Note sur le rythme dans les sciences de l’homme et de la société de 1940 à nos jours

Pascal Michon
Article publié le 10 juin 2010
Pour citer cet article : Pascal Michon , « Note sur le rythme dans les sciences de l’homme et de la société de 1940 à nos jours  », Rhuthmos, 10 juin 2010 [en ligne]. https://www.rhuthmos.eu/spip.php?article15

 Jusqu’aux années 1960, dans les sciences de l’homme et de la société, les recherches concernant les rythmes restent sur la lancée de l’entre-deux-guerres. Gurvitch propose de grandes synthèses théoriques où le rythme, sous la forme des tempos de la vie sociale, est en bonne place (La Vocation actuelle de la sociologie, 1950 ; Traité de sociologie, 1958-60). La sociologie du travail est particulièrement active avec les travaux de Friedmann consacrées au travail à la chaîne (Le Travail en miettes, 1956). L’anthropologie générale et préhistorique de Leroi-Gourhan jette également une intense lumière sur le rôle du rythme dans l’histoire anthropologique (Le Geste et la Parole, 1964-65).

 Pourtant, après 1965, l’intérêt pour le rythme disparaît dans les sciences sociales. Jean-Pierre Vernant en parle occasionnellement, quand on l’évoque avec lui, mais il n’écrit rien à son sujet. Le sociologue Henri Lefebvre publie encore un opuscule inspiré des réflexions menées avant la guerre par Bachelard (Éléments de rythmanalyse, 1992) toutefois ce texte tardif et un peu secret a peu d’écho chez les sociologues.

 Après une période de latence d’une dizaine d’années, l’intérêt pour le rythme glisse vers des disciplines extérieures aux sciences humaines et sociales, essentiellement vers la philosophie avec Foucault (Surveiller et punir, 1975), Deleuze-Guattari (Mille plateaux, 1980), Maldiney (dans ses travaux phénoménologiques sur les rythmes de l’art et de l’existence) et en poétique avec Barthes (Comment vivre ensemble, 1976-77) et surtout Meschonnic (Critique du rythme, 1982). Il faut noter, toutefois, la publication de Pour un autre Moyen Age.
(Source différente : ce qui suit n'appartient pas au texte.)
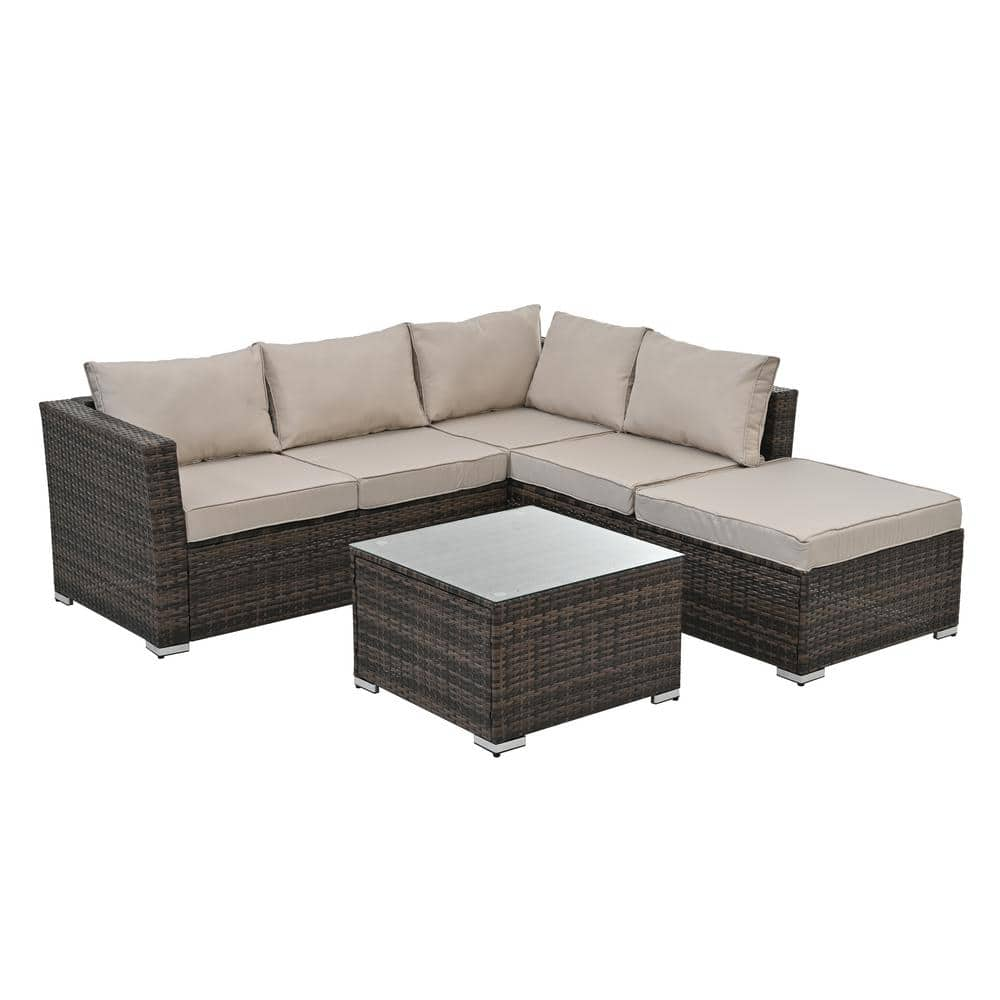 4-Piece Wicker Outdoor Sofa Sectional Set with Beige Cushions 203S00017 ...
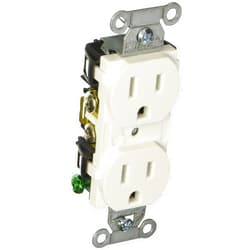 Hubbell BR15WHI Receptacle, Duplex Straight Blade, Common Ground, 15 amp, 125V, B/S, White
Temps, travail et culture en Occident de Le Goff, qui contient au moins deux textes importants concernant le rythme.

 Cette remarquable flambée n’a pas de suites immédiates. Dans les années 1980 et la première moitié de la décennie suivante, l’heure est aux modèles individualistes ou au mieux à de multiples tentatives pour réaccorder des principes jusque-là dissociés : les individus et les systèmes, la Gesellschaft et la Gemeinschaft, le juste et le bien commun, le libéralisme et le républicanisme.

 Ce n’est que vers la fin des années 1990 que le rythme commence, lentement, à réémerger. Il constitue aujourd’hui une force ascendante prête à s’imposer sur les plans aussi bien épistémologique qu’éthique et politique.